DeFelice and two other officials showed a video to the media and answered questions for about half an hour.
The NFL will institute several rule changes and "points of emphasis" beginning in the first week of the preseason.
Beginning this season defensive backs especially will be under more scrutiny. Any contact beyond the five-yards from the line of scrimmage will result in a five-yard illegal contact penalty. Jersey grabs will also be flagged, even if the quarterback is out of the pocket or if the ball is thrown to the opposite side of the field.
Defensive players are allowed to touch receivers outside beyond the line of scrimmage, but only in self-defense.
DeFelice described the action like taking a charge in basketball – a player has a right to his own space, but cannot initiate contact after the initial impact with a receiver.

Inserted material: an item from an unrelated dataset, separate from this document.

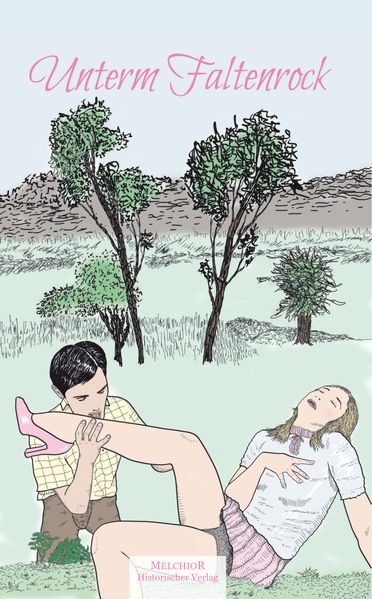 Cover von Unterm Faltenrock und andere Entjungferungsgeschichten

Defensive holding was marked as a point of emphasis prior to last season. As a result, 31 more penalties were called than in 2002.
Rule changes in 2004 include rewarding a coach with an extra challenge if he is successful on two reviews and has a time out left. Coaches can also call timeouts from the sideline.
Last season 66 of 255 challenges were reversed.
Coaches will also have more options when it comes to taking penalty yardage.
Penalty yards from kickoffs, onside kicks and free kicks can now be added to the end of the return. Penalty yards resulting from unsportsmanlike conduct penalties on a fumble or lateral recovery can also be added to the end of the play.
In 2004, all kicks will go dead when the ball hits the ground in the end zone whether or not it is touched by a defensive player.
Coaches can also request a free kick if a safety occurs at the end of a half. The kick will be an un-timed down.
By far the most concern has arisen from the added focus on defensive backs and illegal contact, but DeFelice said players will recovery. He also said to expect plenty of calls early in the season.
"These guys are great athletes," he said. "They will adapt."